Characterizing Different Motility Induced Regimes in Active Matter with Machine Learning and Noise

TL;DR

This study uses machine learning and noise analysis to identify and characterize multiple regimes within motility-induced phase separation in active matter, revealing distinct dynamical and structural states.

Contribution

It introduces a combined approach of PCA-based order parameters and noise fluctuation analysis to distinguish active fluid, crystal, and critical regimes in MIPS.

Findings

Identification of three distinct MIPS regimes: active fluid, active crystal, and critical.

Machine learning captures dynamical properties better than standard structural measures.

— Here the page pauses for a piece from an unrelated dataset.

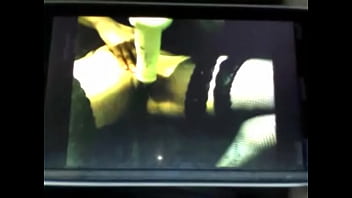 Preview 3 of Mom Son Condom Sex - 17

Critical regime exhibits maximum noise power with a 1/f^{1.6} spectrum.

Abstract

We examine motility-induced phase separation (MIPS) in two-dimensional run and tumble disk systems using both machine learning and noise fluctuation analysis. Our measures suggest that within the MIPS state there are several distinct regimes as a function of density and run time, so that systems with MIPS transitions exhibit an active fluid, an active crystal, and a critical regime. The different regimes can be detected by combining an order parameter extracted from principal component analysis with a cluster stability measurement. The principal component-derived order parameter is maximized in the critical regime, remains low in the active fluid, and has an intermediate value in the active crystal regime. We demonstrate that machine learning can better capture dynamical properties of the MIPS regimes compared to more standard structural measures such as the maximum cluster size. The different regimes can also be characterized via changes in the noise power of the fluctuations in the average speed. In the critical regime, the noise power passes through a maximum and has a broad spectrum with a $1/f^{1.6}$ signature, similar to the noise observed near depinning transitions or for solids undergoing plastic deformation.